American television, and this review has that form, is so stressed, loud and over enthusiastic that I get a little sea sick and my blood pressure goes through the roof just by looking. But I managed to listen through it and I think the high ISO noise part from the locker room was the most interesting part. And at this stage, we know that he was really shooting JPEGs. Properly processed RAW files should have potential. All the lower ISO and church images could have been shot with anything, given the resolution and quality of the presentation, so that did not tell me much.

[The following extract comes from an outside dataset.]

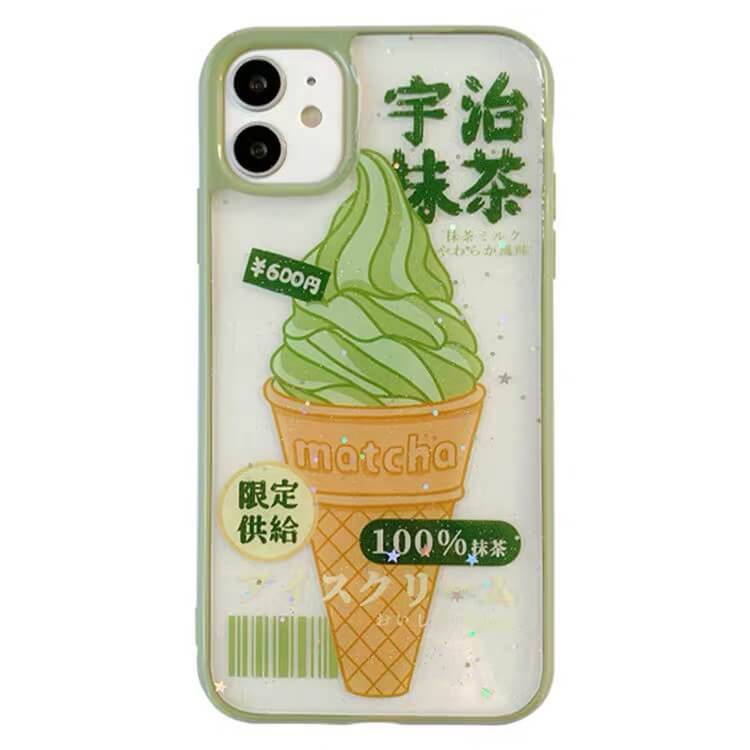 Matcha Ice Cream Phone Case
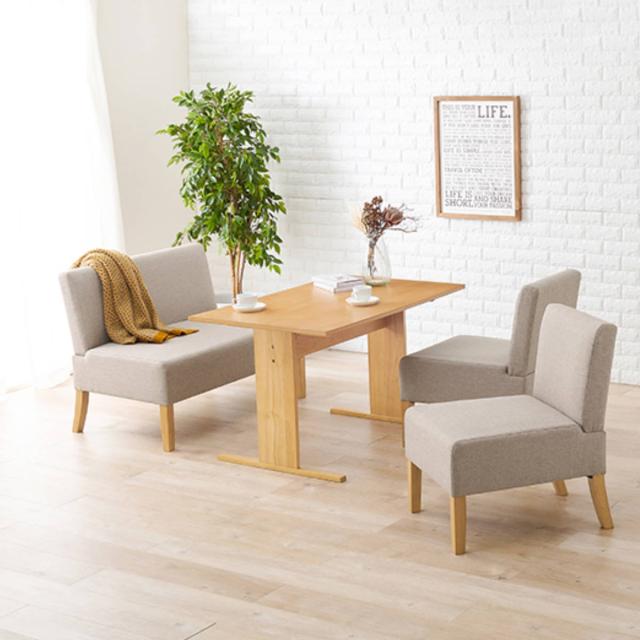 ダイニングソファ 2人掛け 幅105cm 座面高42cm 二人掛け ソファ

But it really do look like a potent little brother to the 1DX, with the reach advantage. I´m really looking forward to try it out myself!


----------



## jasonsim (Oct 9, 2014)

I really hope they start shipping Oct. 30th. I ordered mine a few hours after the announcement from B&H, but have not heard squat from them.


----------



## chitownjeff (Oct 9, 2014)

Is there a light leak issue?

:


----------



## jfl65 (Oct 10, 2014)

*Re: Scott Kelby Does an Infomercial for Canon*



Eldar said:


> I am waiting to receive mine, so I have no argument in any direction. But from what we have seen and read so far, it does look very promising.
> 
> American television, and this review has that form, is so stressed, loud and over enthusiastic that I get a little sea sick and my blood pressure goes through the roof just by looking.
> 
> But it really do look like a potent little brother to the 1DX, with the reach advantage. I´m really looking forward to try it out myself!

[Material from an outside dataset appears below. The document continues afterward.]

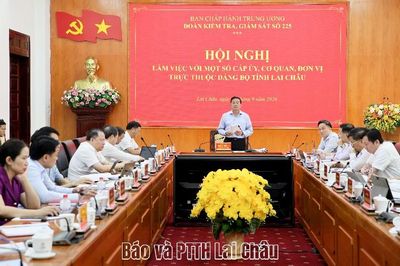 Hội nghị làm việc với một số cấp uỷ, cơ quan đơn vị trực thuộc Đảng bộ tỉnh Lai Châu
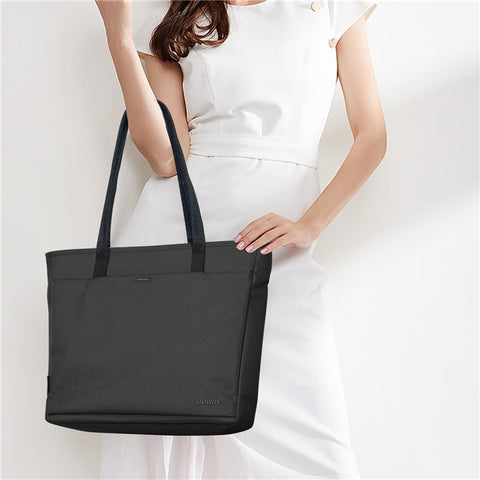 BENWIS LT-LHB-1-BK Laptop Tote Bag Nylon 1000D Notebook Shoulder Bag for Work Travel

I too finally managed to sit through the whole thing because his website promised some "important" findings...which it turns out could have been summed up in 2 sentences, making the substance of that entire 1 hour presentation fit into 4 sentences. I am truly ashamed I sat through that entire infomercial. While some of what he said will be true in the end, it is hard to take anything from it seriously based on all the other non-content it included. He enthusiastically boasts about detail while he shows an out of focus face? He doesn't even *mention* the most important elements of the 7DII - the aspects that differentiate it from the 70D and the D7100 - which are the AF system and it's AF Area Modes, AF menus, AF Cases menus, and ability to extensively customize all of it. Did he even make use of any of that while shooting football? 

He complains about a "lock button," confusing an entire segment of photographers who are now going to ask their teachers or camera store guys about a "lock button," ...which everyone else in the Canon world would consider to be either the AF-ON Button or the AE Lock Button.. when he actually means the "Protect" button. He repeatedly debates the purchase of the 7DII vs the 1D, a debate that applies to approximately 3 buyers, while 3 million other buyers are concerned about cameras in their price range - the 7DII vs the 7D, vs. the 70D, vs the D7100.

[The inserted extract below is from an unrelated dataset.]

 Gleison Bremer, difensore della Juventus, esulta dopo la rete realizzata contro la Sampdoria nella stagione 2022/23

If he is going to go through all this effort and ask people to dedicate an hour of their time, he should have offered *considerably* more substance and information. If you have not watched it, I recommend that you skip it and devote an hour to something productive. Heck, spend the time and read a Ken Rockwell post and you will still learn less nonsense than this video.

We all know he is now sponsored by Canon, but this was absurd. He should at least ask Canon for some articulate talking points the next time he does this.


----------



## CaptainZero (Oct 11, 2014)

> I concur with 1Dx 'big little brother' excessive comparisons, and lack of comparison / noted improvements over the original 7D - you would have thought at least a superficial "Is it worth upgrading" would have been included.



He did do that. He said absolutely! (not a quote, but you get the idea). 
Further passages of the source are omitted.